After locating the line with "Mid-Century Modern Style" in the entries below, output it and each following line up to and including the line with "Doraemon Tập Đặc", exactly and without pictures.

Task inputs:

+-------+

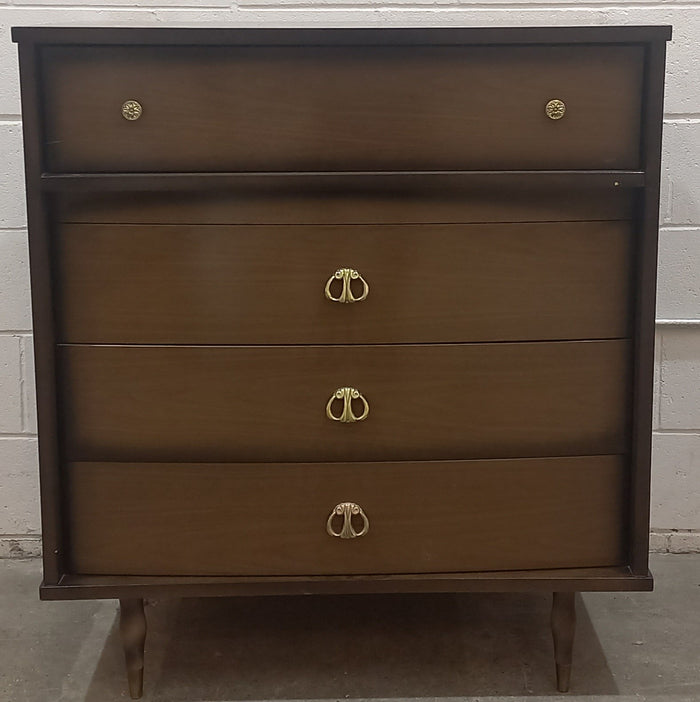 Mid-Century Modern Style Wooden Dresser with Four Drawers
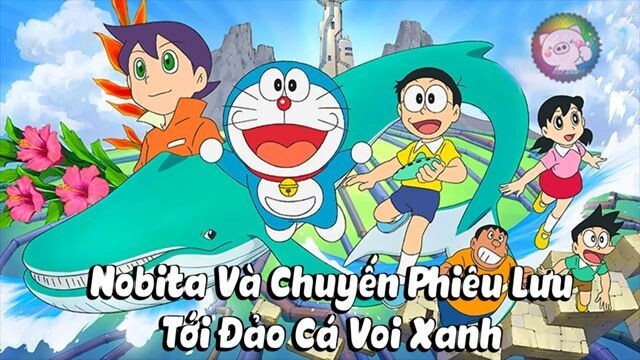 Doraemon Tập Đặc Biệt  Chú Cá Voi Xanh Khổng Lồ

+-------+

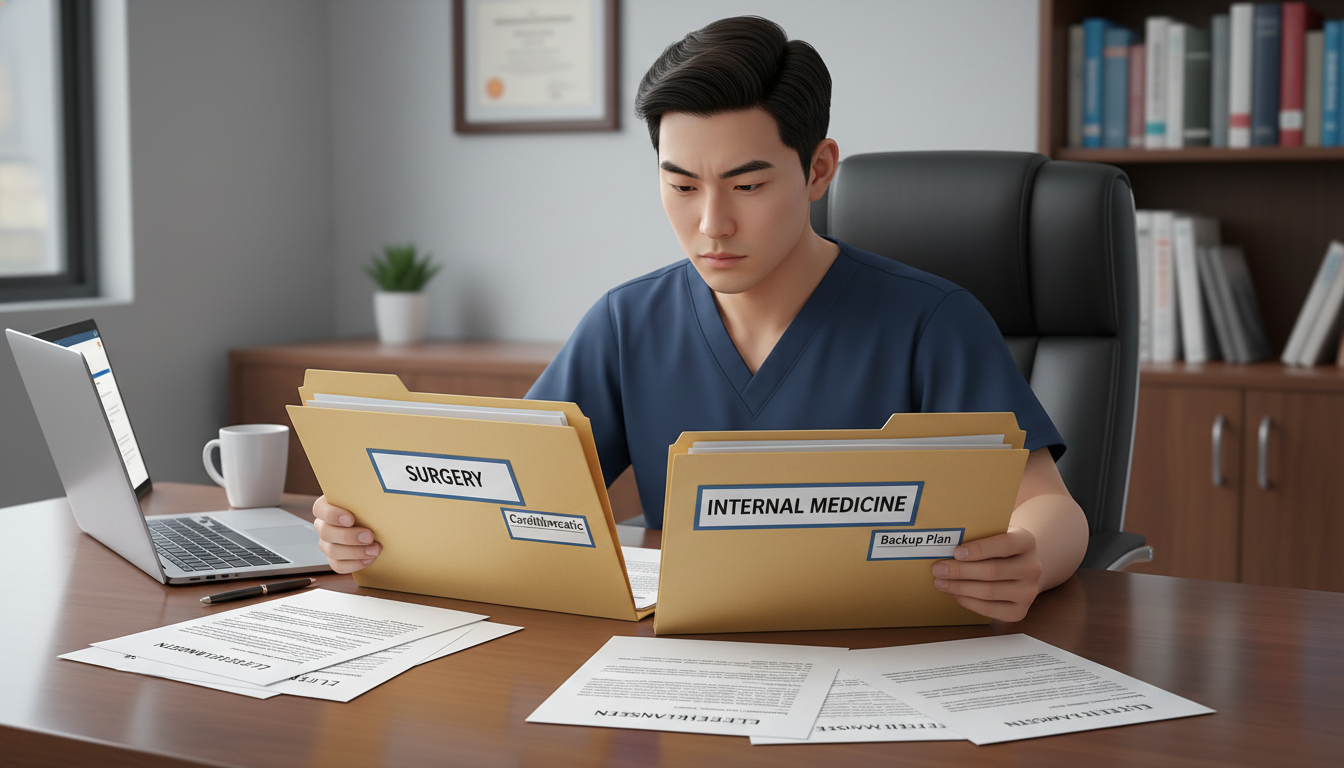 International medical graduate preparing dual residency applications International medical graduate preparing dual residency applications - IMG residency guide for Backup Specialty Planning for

+-------+

Output of the task:
 Mid-Century Modern Style Wooden Dresser with Four Drawers
 Doraemon Tập Đặc Biệt  Chú Cá Voi Xanh Khổng Lồ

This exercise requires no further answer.